What you need to do: Leaving the pictures aside, restate all of the data exactly.

------------------------------

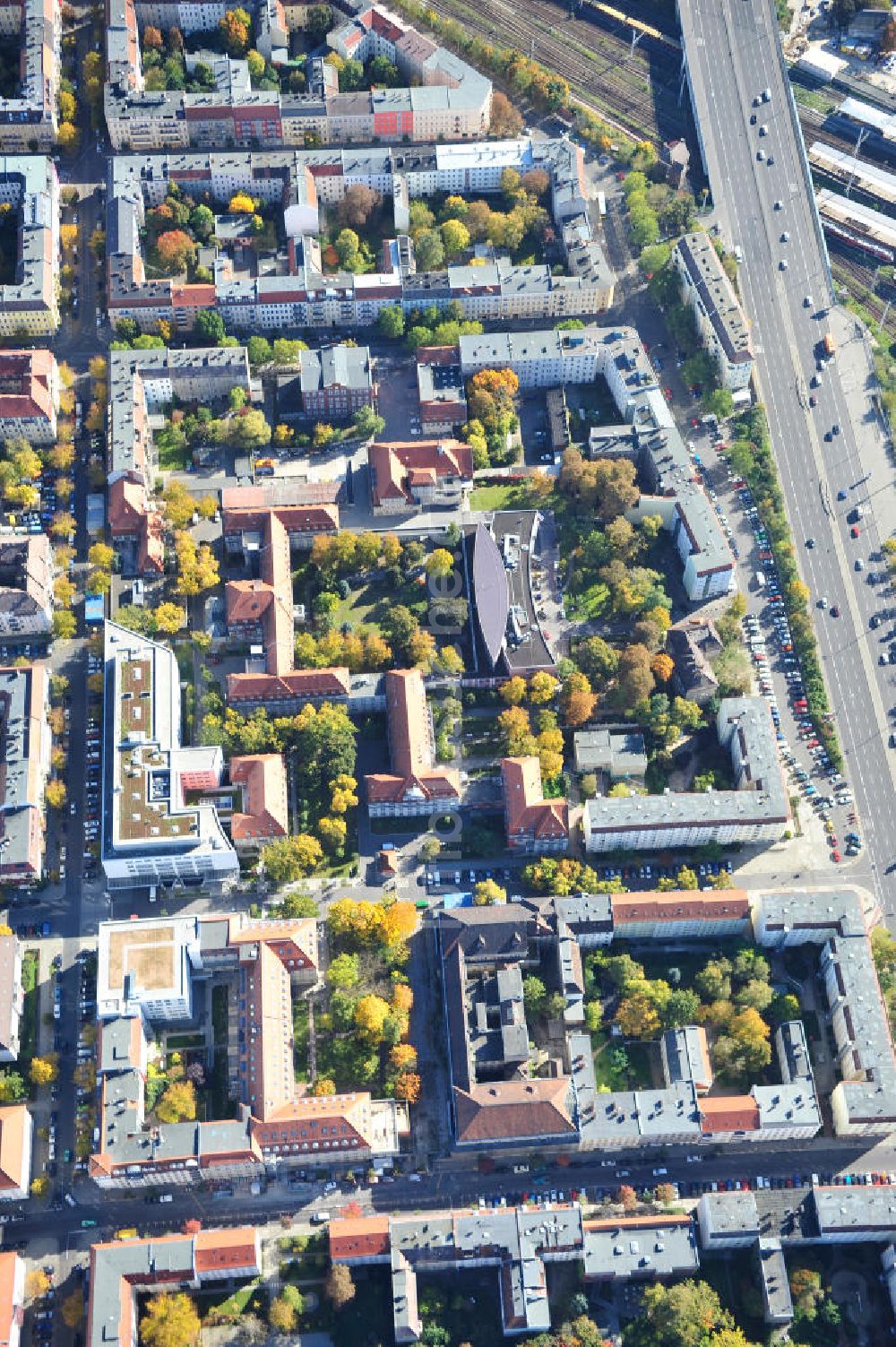 Berlin von oben - Oskar-Ziethen-Krankenhaus Lichtenberg / Sana Klinikum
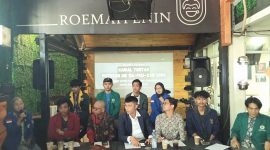 Konferensi Pers oleh Komite Pengawal Pilkada Tangerang (KPPT) terkait netralitas Pilkada Serentak di Cafe Roemah Enim, Ahmad Yani, Kota Tangerang, Rabu (20/11/2024). | Dokumentasi: Topan Bagaskara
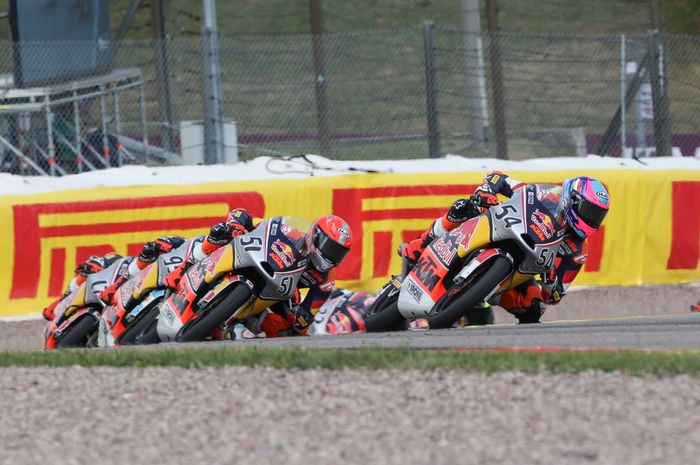 Pembalap Indonesia, Veda Ega Pratama, memimpin persaingan pada balapan kedua seri Red Bull Rookies Cup 2025 di Sachsenring, Saxony, Jerman, 13 Juli 2025.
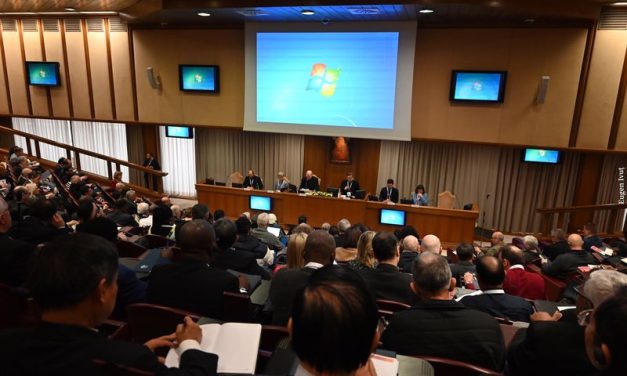 Vaticanul organizează o conferință despre co-responsabilitatea laicilor în Biserică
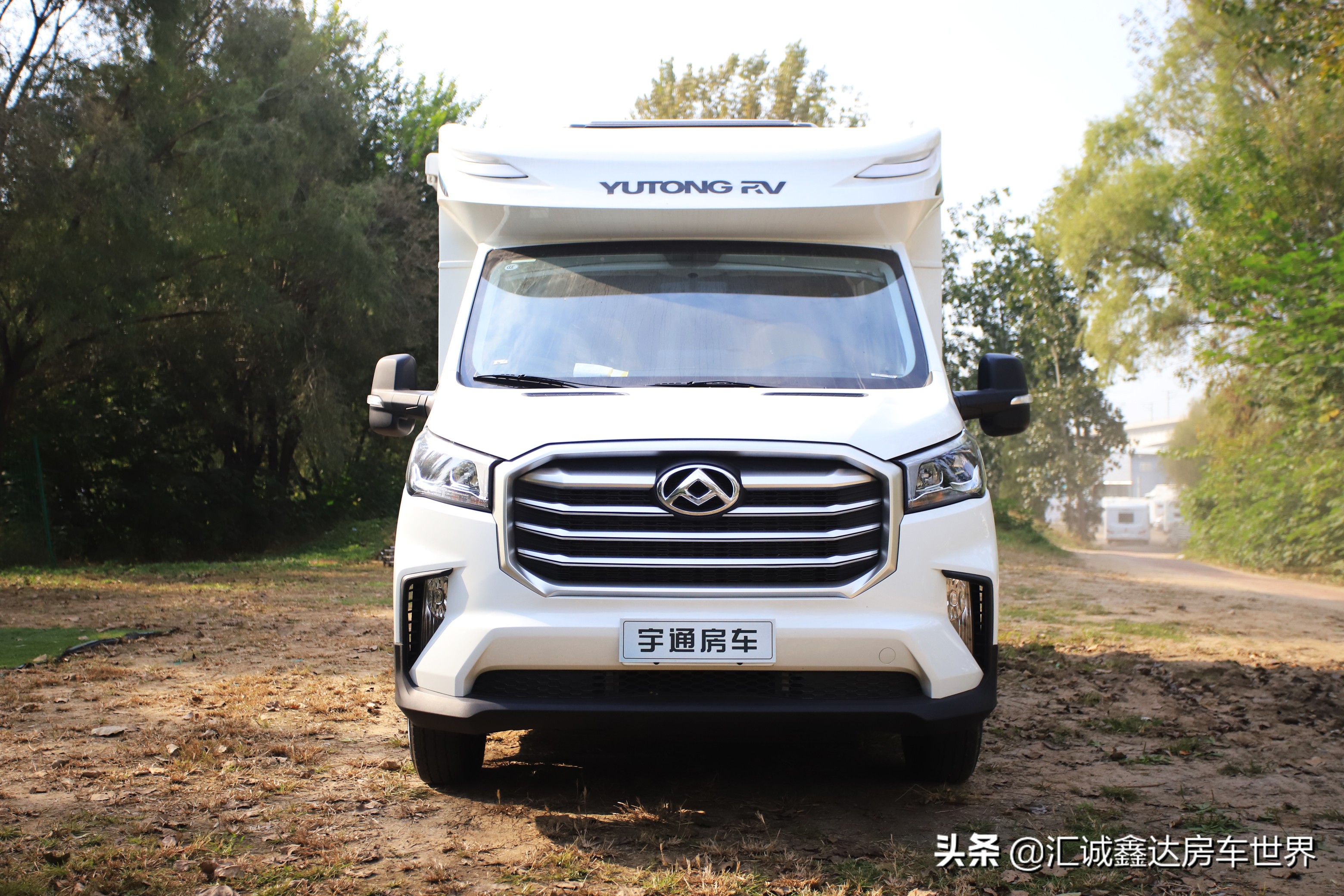 宇通新款4人版小顶房车上市!动力强配置高,内外全新设计,c照开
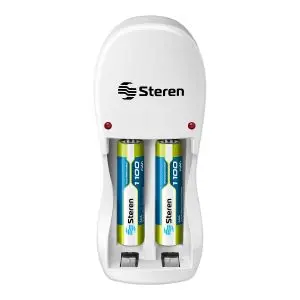 Mini cargador de pilas AA y AAA. Incluye 2 pilas AAA – Steren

------------------------------

Task answer:
 Berlin von oben - Oskar-Ziethen-Krankenhaus Lichtenberg / Sana Klinikum
 Konferensi Pers oleh Komite Pengawal Pilkada Tangerang (KPPT) terkait netralitas Pilkada Serentak di Cafe Roemah Enim, Ahmad Yani, Kota Tangerang, Rabu (20/11/2024). | Dokumentasi: Topan Bagaskara
 Pembalap Indonesia, Veda Ega Pratama, memimpin persaingan pada balapan kedua seri Red Bull Rookies Cup 2025 di Sachsenring, Saxony, Jerman, 13 Juli 2025.
 Vaticanul organizează o conferință despre co-responsabilitatea laicilor în Biserică
 宇通新款4人版小顶房车上市!动力强配置高,内外全新设计,c照开
 Mini cargador de pilas AA y AAA. Incluye 2 pilas AAA – Steren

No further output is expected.